## TRY IT
For the data below, transcribe the part that opens with the line containing "Фотография товара Коляска" and closes with the line containing "Sweat à capuche personnalisé", exactly and with no pictures.

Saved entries
%%

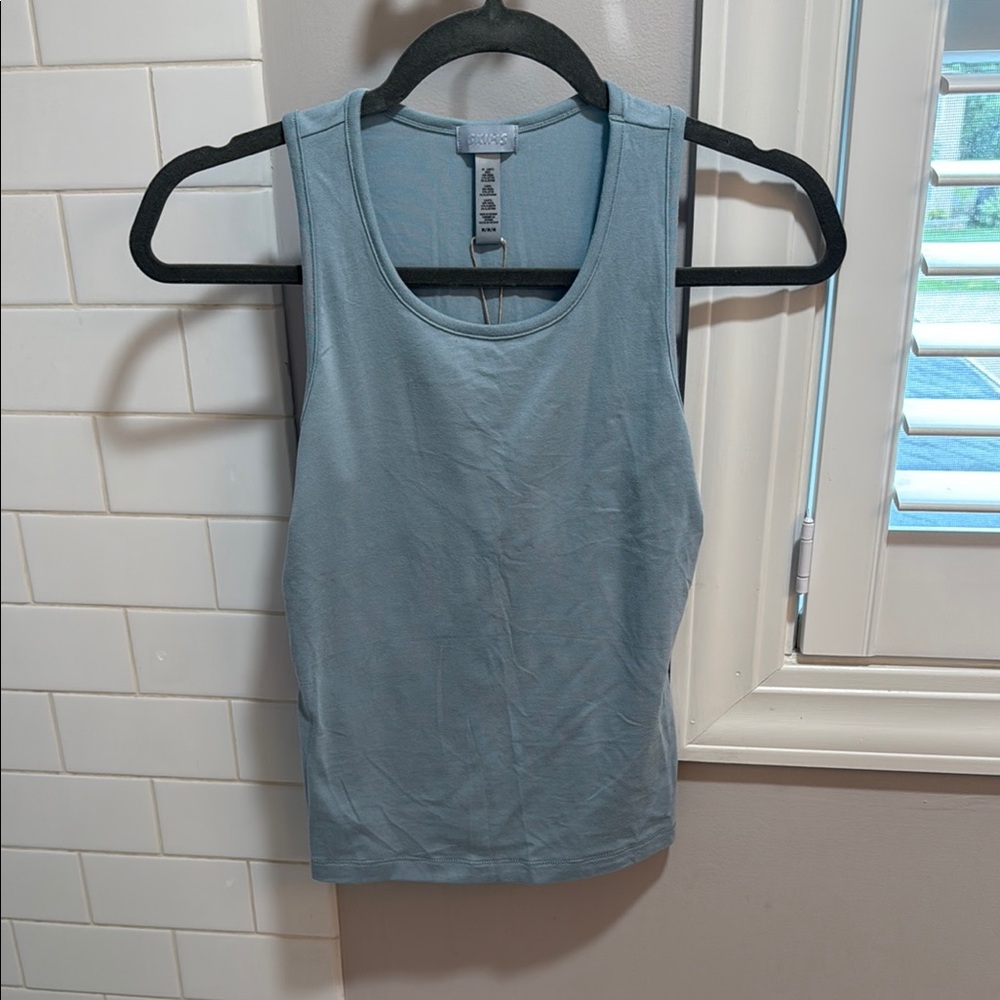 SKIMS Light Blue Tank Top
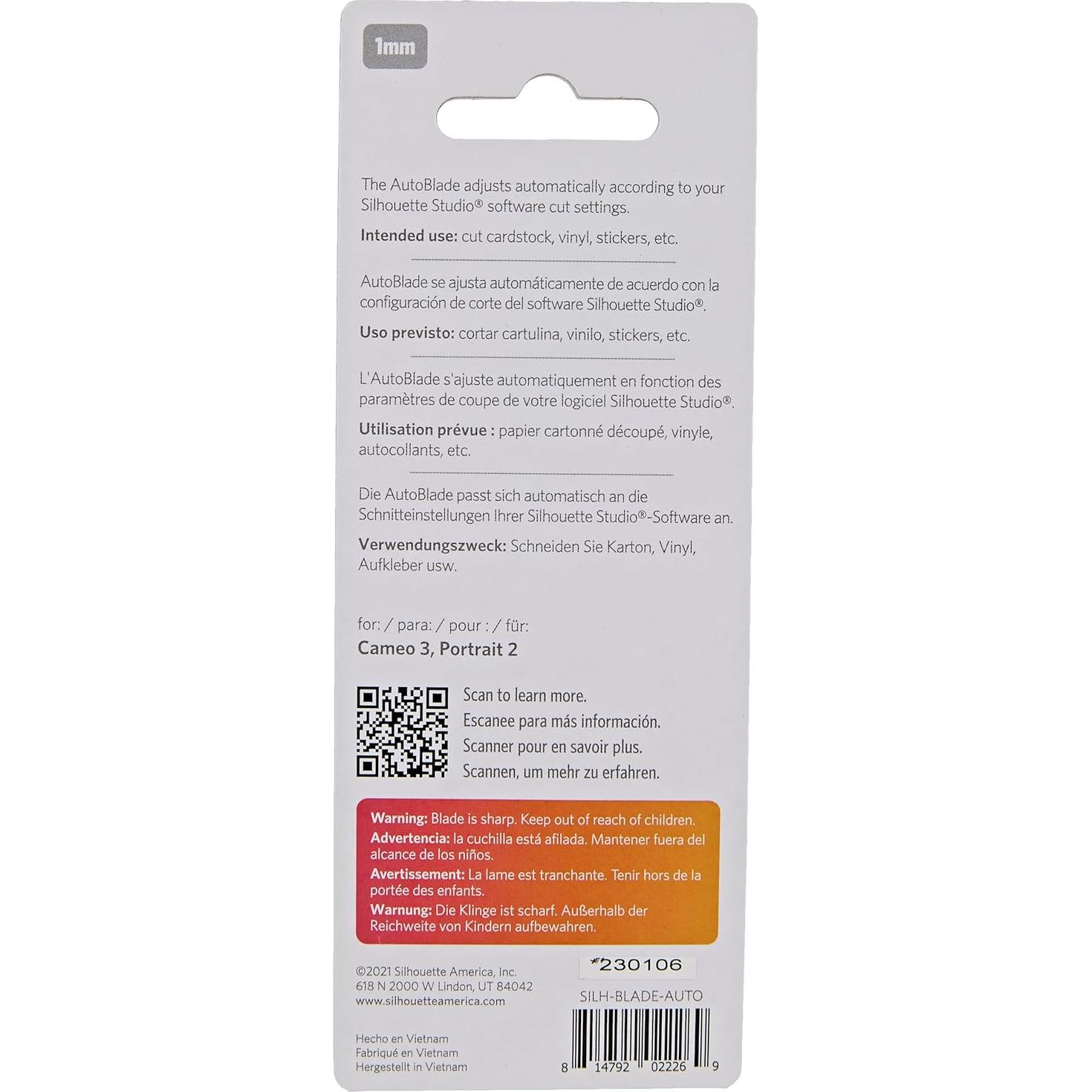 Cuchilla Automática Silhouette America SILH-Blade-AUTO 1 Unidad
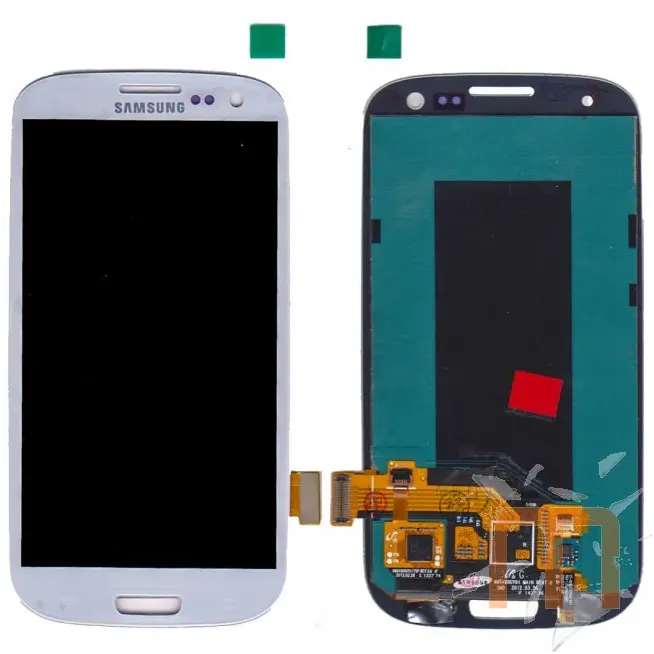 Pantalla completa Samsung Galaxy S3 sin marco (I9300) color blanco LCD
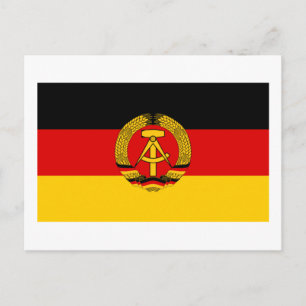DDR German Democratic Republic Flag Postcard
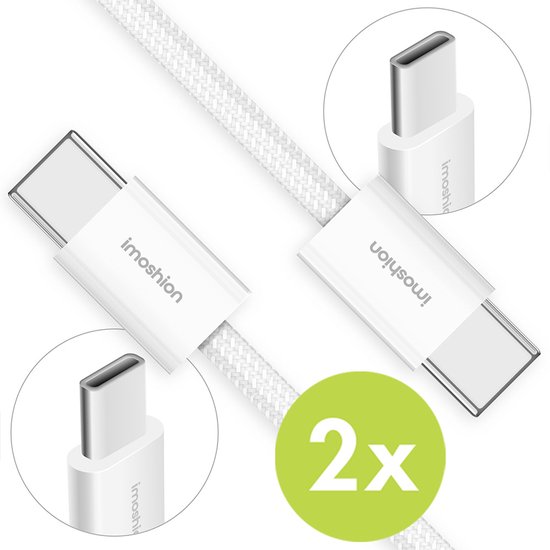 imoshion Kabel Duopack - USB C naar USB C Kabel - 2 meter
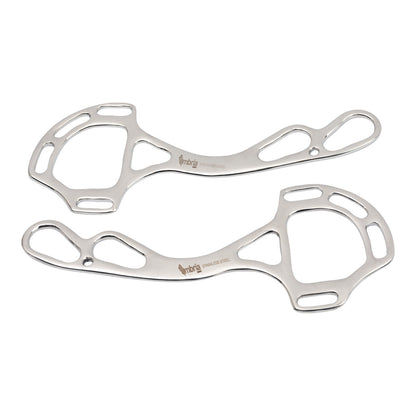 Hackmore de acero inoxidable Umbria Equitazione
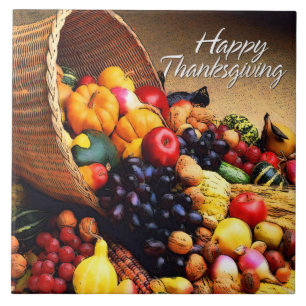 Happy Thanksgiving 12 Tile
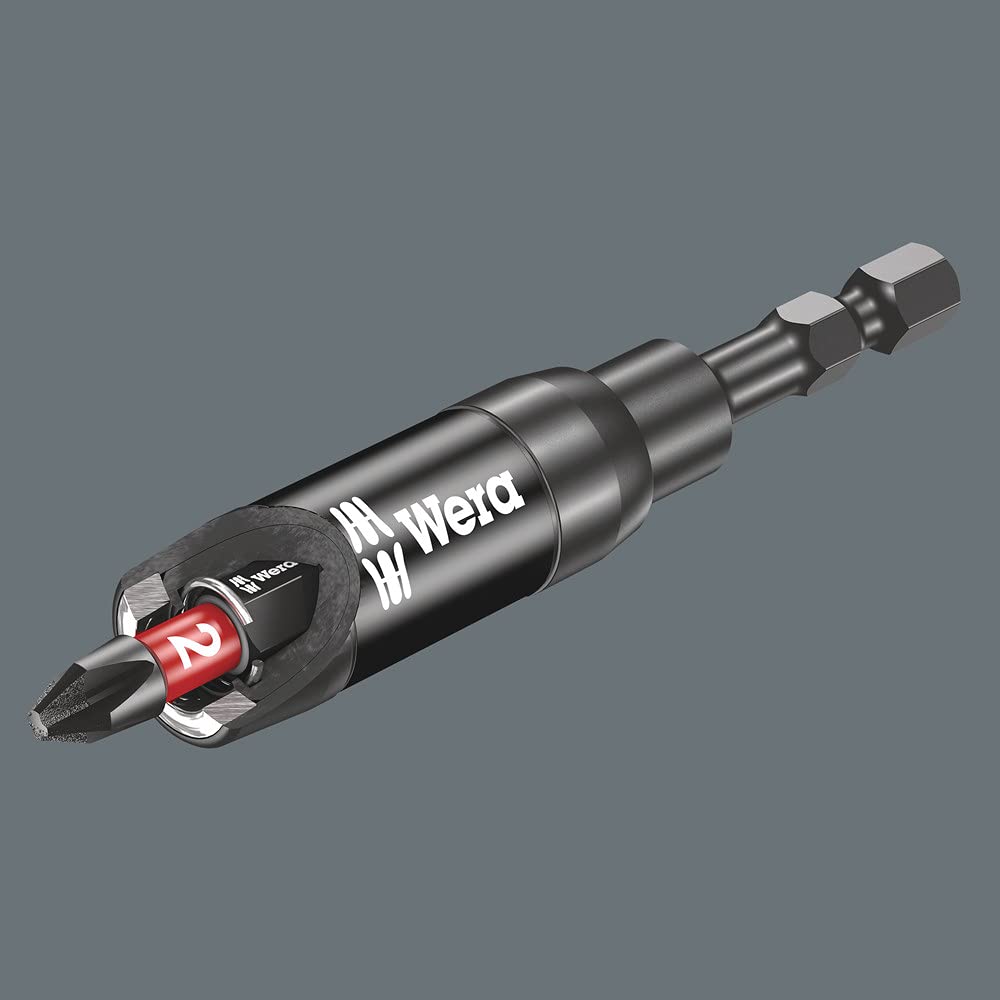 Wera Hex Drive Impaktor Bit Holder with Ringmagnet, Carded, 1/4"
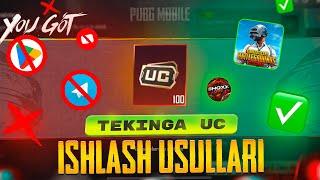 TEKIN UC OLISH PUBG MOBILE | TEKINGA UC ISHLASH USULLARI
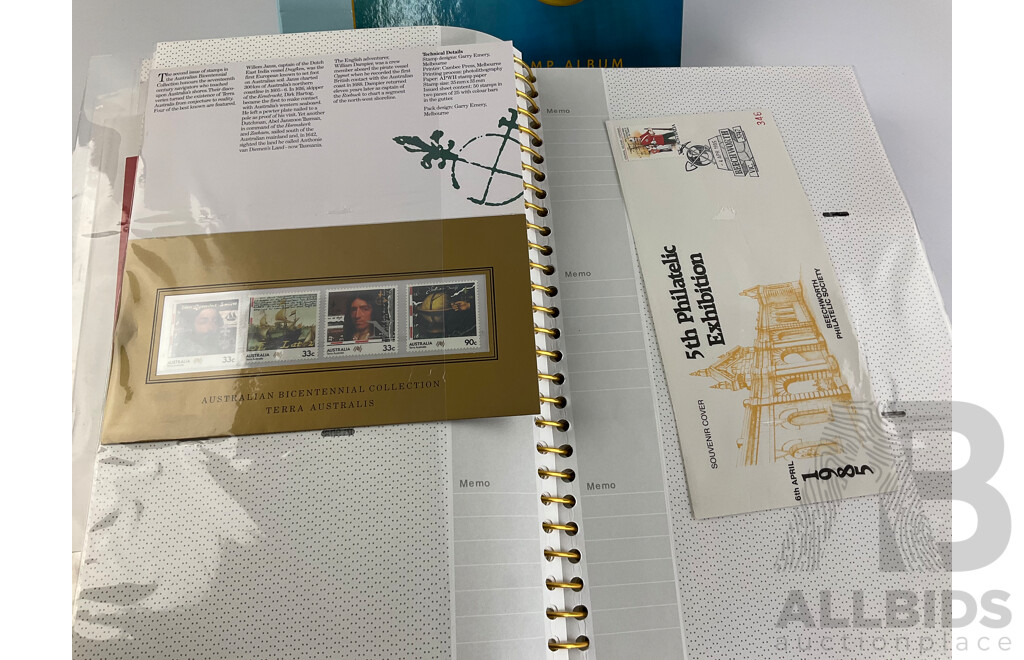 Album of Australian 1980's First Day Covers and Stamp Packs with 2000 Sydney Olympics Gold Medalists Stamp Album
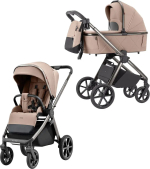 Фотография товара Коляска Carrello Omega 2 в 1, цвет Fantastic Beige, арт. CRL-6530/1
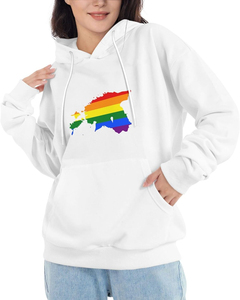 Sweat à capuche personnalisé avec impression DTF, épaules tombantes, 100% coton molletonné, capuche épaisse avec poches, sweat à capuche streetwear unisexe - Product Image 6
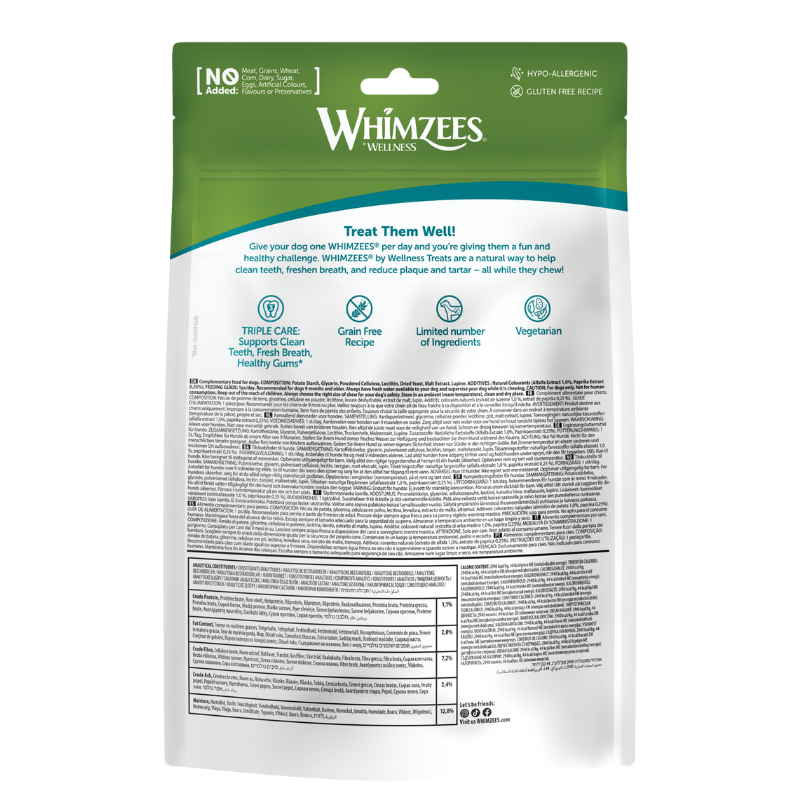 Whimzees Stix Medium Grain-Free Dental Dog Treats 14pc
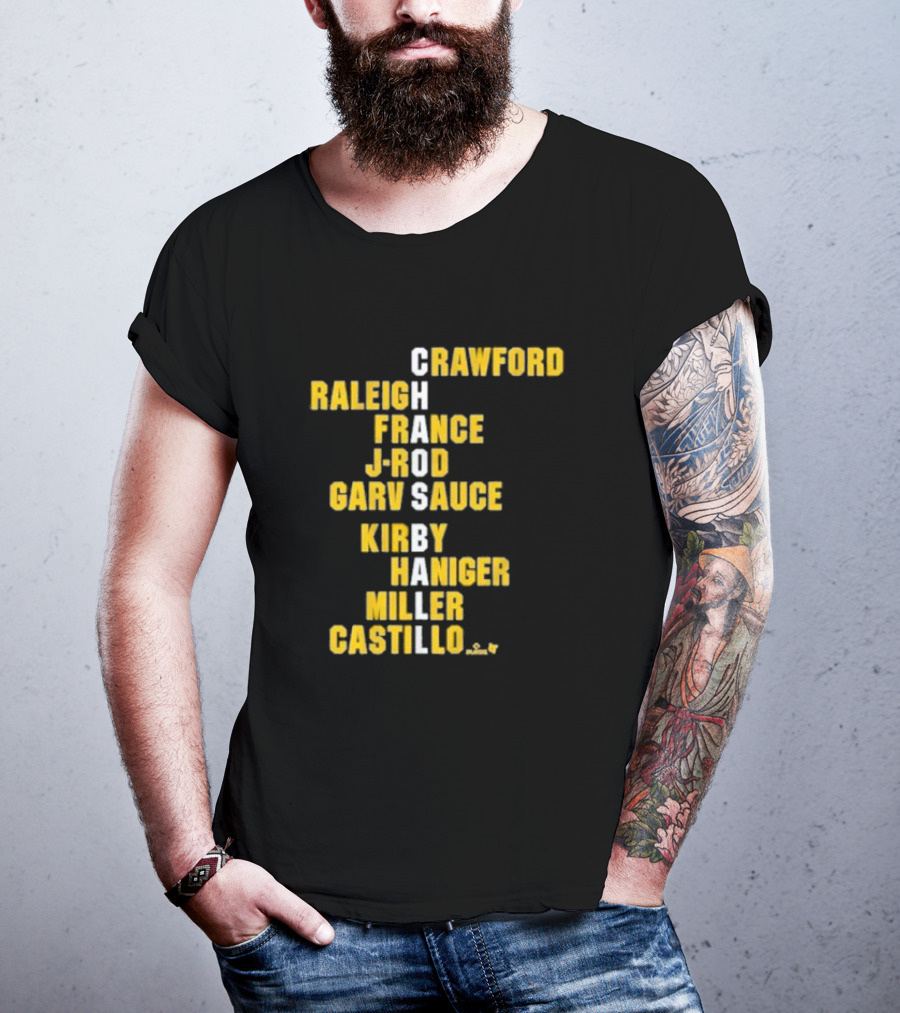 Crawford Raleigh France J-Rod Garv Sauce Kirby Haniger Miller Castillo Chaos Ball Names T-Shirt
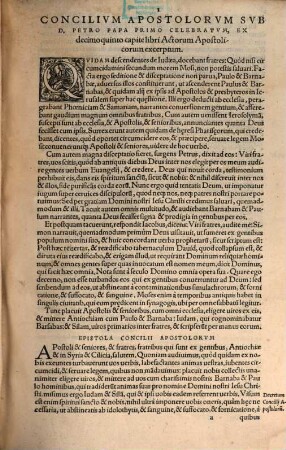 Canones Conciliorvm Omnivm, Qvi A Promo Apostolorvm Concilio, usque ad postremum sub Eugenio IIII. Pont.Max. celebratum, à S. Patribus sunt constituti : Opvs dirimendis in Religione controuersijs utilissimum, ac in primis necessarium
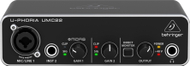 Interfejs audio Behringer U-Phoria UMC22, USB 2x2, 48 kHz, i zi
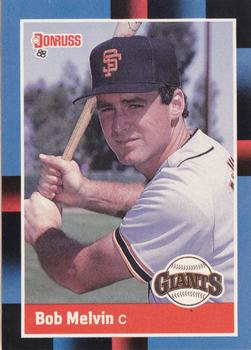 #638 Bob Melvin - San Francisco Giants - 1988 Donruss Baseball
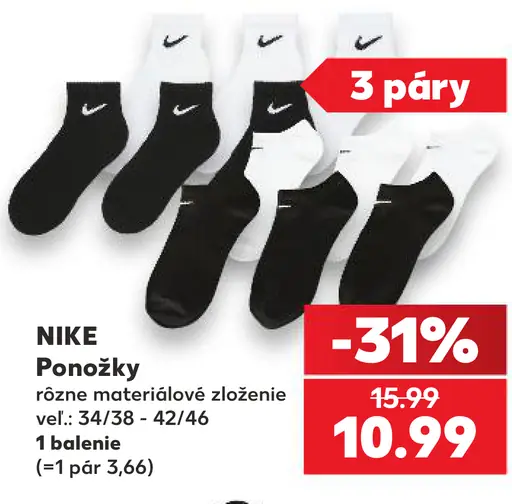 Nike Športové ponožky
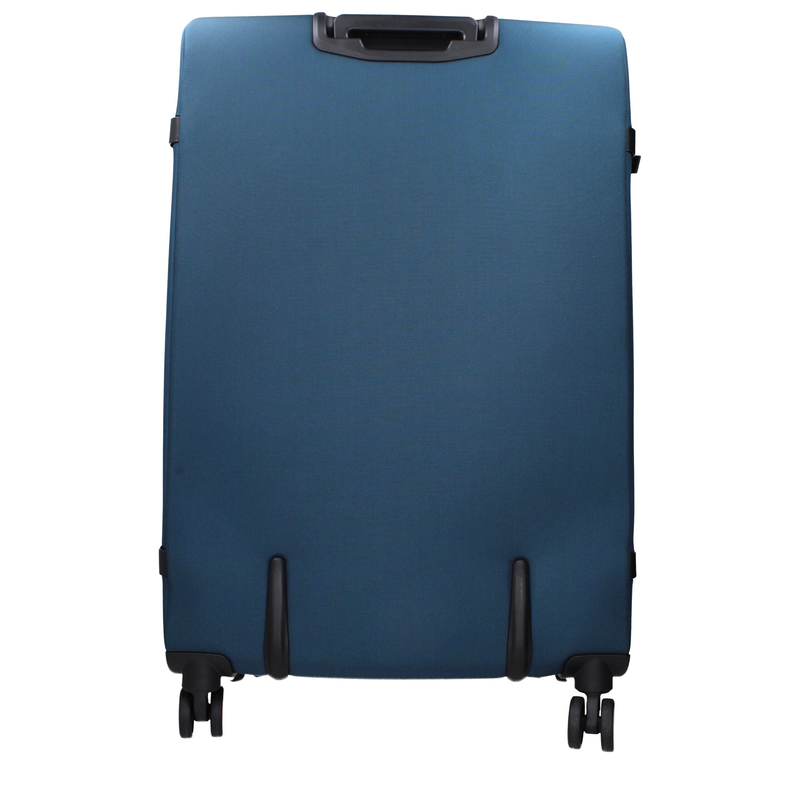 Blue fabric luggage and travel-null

%%

## OUTPUT OF THE TASK
 Фотография товара Коляска Carrello Omega 2 в 1, цвет Fantastic Beige, арт. CRL-6530/1
 Sweat à capuche personnalisé avec impression DTF, épaules tombantes, 100% coton molletonné, capuche épaisse avec poches, sweat à capuche streetwear unisexe - Product Image 6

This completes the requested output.